# Is the rear light fault a reoccurring problem?



## Ryan1749 (Aug 24, 2017)

I purchased an 09 plate TT from a garage 10 months ago, when I bought the car it had the common rear light fault on the passenger side so the garage agreed to fix it free of charge. Now the problem has occured again but this time on the right hand side of the car, obviously not under warranty anymore I will have to pay for it myself, but my question is has anyone ever had the issue fixed and then its happened again on the same bulb? Or are the parts supplied by dealers now improved to prevent the issue? Thanks in advance


----------



## Zombie (Jul 8, 2015)

No. Generally a burnt earth pin in the connector

This is what I did


----------



## Bobo2211 (Sep 27, 2015)

this issue is pretty common, mine had it too.Should do as Zombie suggested, add extra earth to the bulb holder


----------



## SwissJetPilot (Apr 27, 2014)

Before you jump on that repair band-wagon, check that it's not a front light that's out. Here's why...

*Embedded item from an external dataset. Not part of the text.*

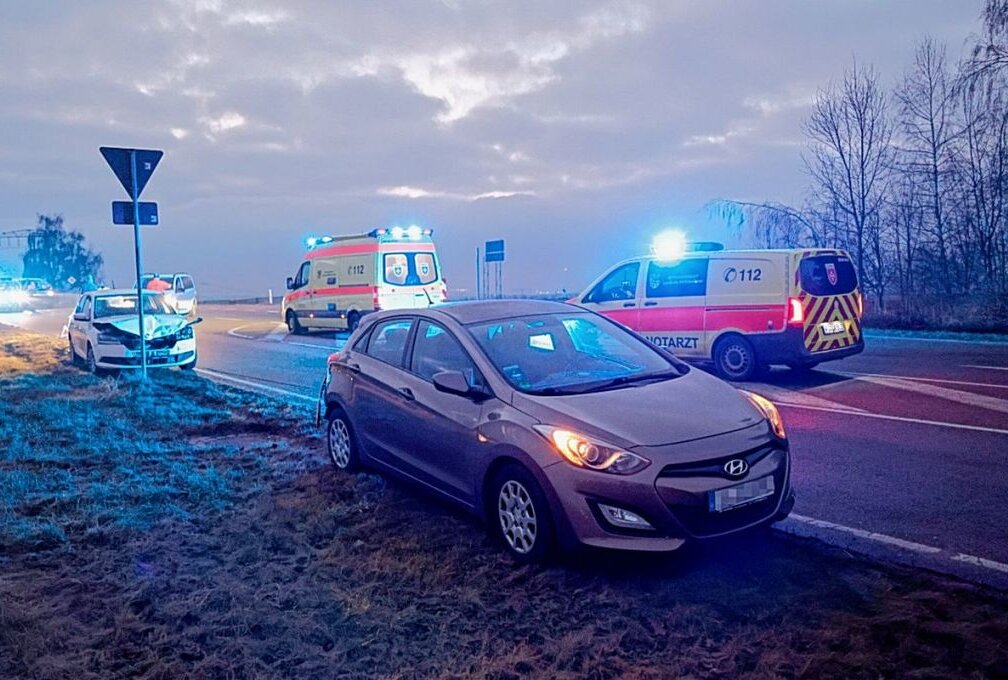 Crash in Röhrsdorf: Mehrere Personen verletzt - Die Feuerwehr war im Einsatz, um die Unfallstelle zu sichern und flüssige Betriebsstoffe aufzunehmen. Foto: Harry Härtel/Härtelpress 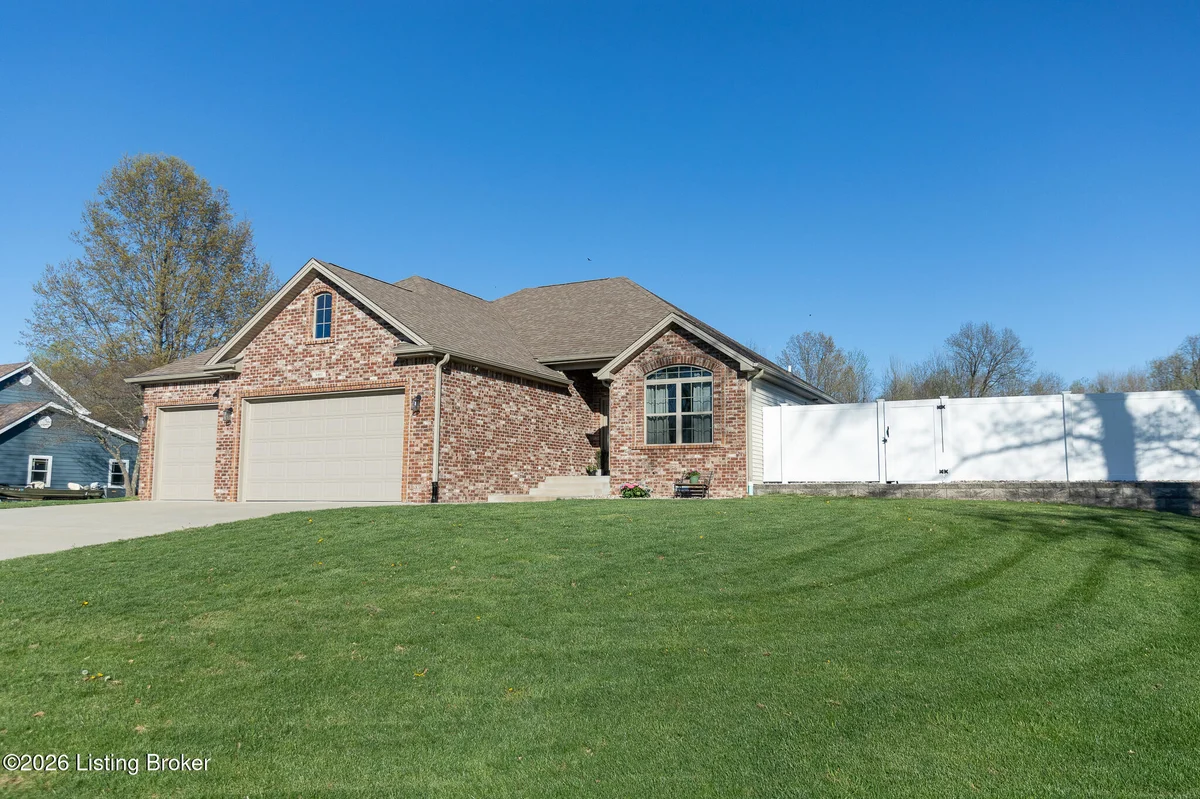 380 N Lakeside Dr - Main photo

I received a failed lamp warning for my rear light and sure enough the left rear was out. So I pulled the rear light assembly, cleaned the terminals and put it back. Switched on the lights, went to look and sure enough it was still out. Upon a second inspection of the bulb, I couldn't see anything broken, so I switched the two P21W blubs and sure enough the same position went out again - with a good blub!

Then I had my wife turn off the lights and then turn them back on again. They all came on, but after about 2-seconds, the rear light went out. Okay, so that was weird. So I checked the front lights and sure enough, the right outside marker light was out. I replaced it and the left rear light hasn't been a problem since.

So before you start drilling holes in your rear light assembly, double check all your bulbs. One of my DRL bulbs actually came apart (the bulb separated from the metal case) when I tried to get it out of the holder to check the filament. So it may just be these older bulbs are just wearing out (like old things do).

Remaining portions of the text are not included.